Pictures with short captions
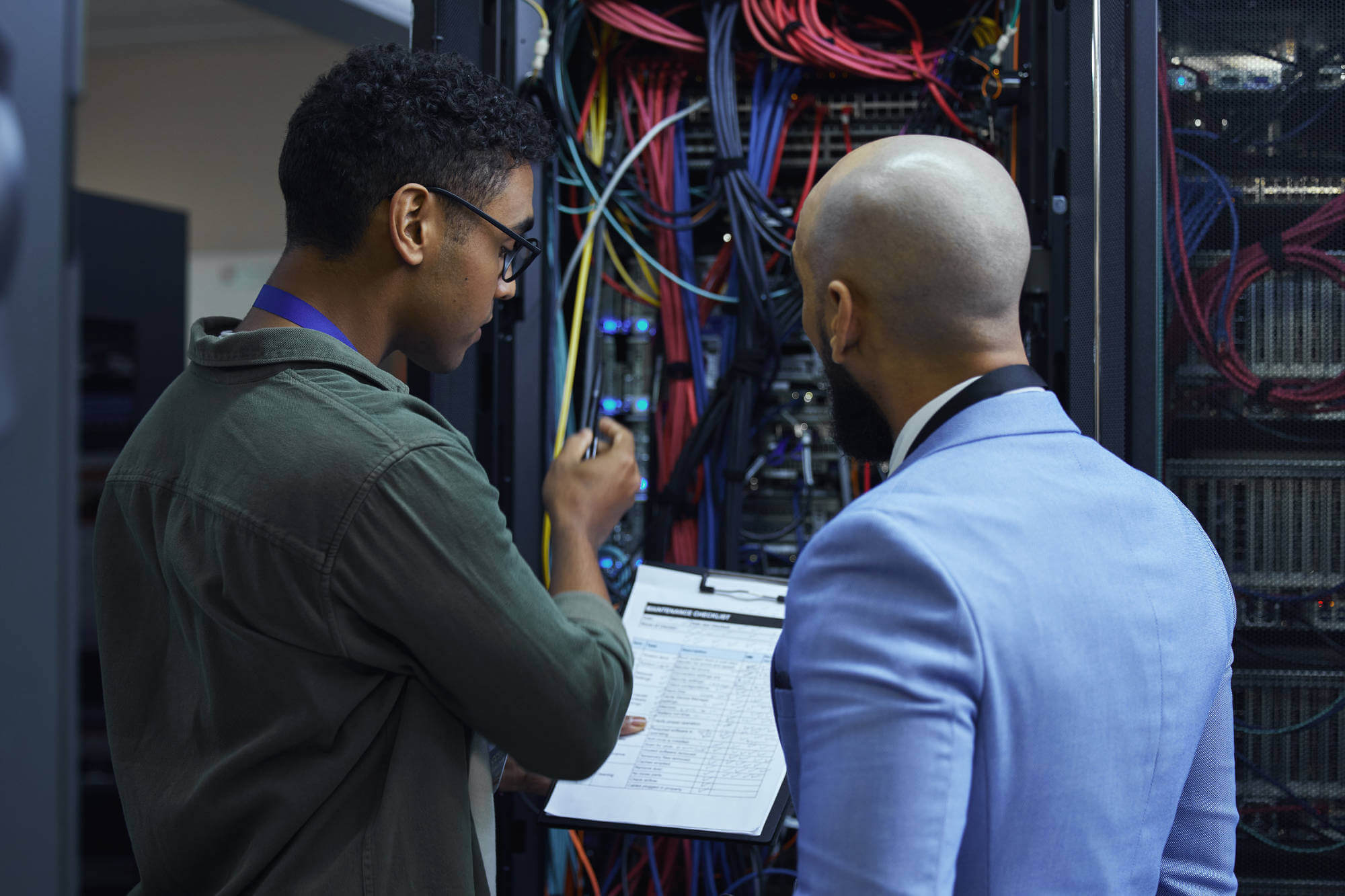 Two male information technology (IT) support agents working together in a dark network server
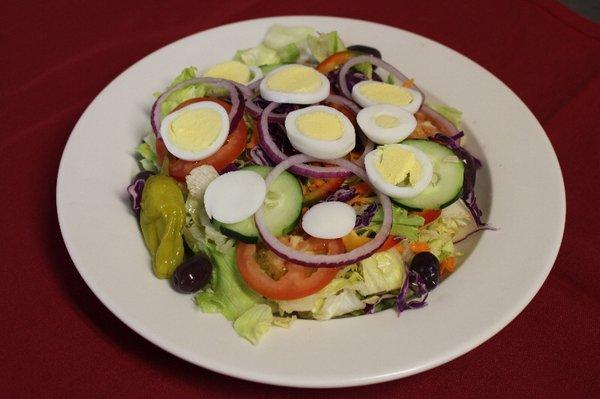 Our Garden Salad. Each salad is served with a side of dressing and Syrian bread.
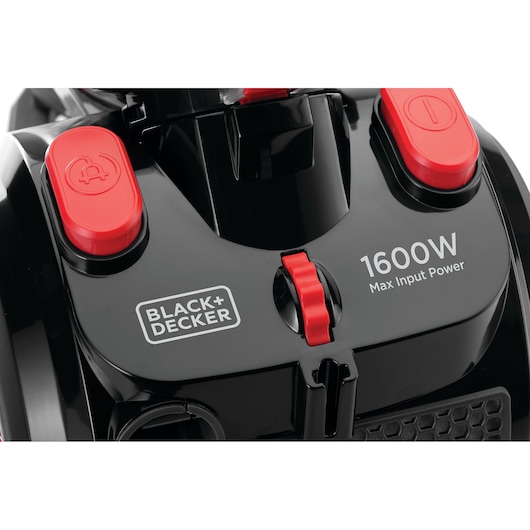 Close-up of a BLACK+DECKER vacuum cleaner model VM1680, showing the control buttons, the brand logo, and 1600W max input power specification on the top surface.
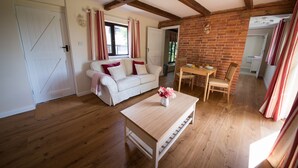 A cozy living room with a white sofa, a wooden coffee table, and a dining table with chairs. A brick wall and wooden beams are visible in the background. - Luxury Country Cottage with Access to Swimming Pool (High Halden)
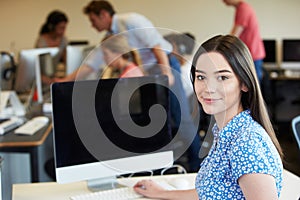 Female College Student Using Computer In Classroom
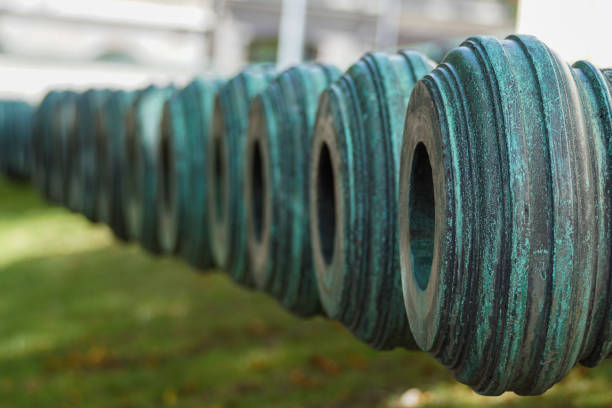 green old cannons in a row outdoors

Assignment: Your task is to retype the lines running from the one that contains "Female College Student" through the end of the records, and nothing else. Pictures are not part of the copy.

Answer:
 Female College Student Using Computer In Classroom
 green old cannons in a row outdoors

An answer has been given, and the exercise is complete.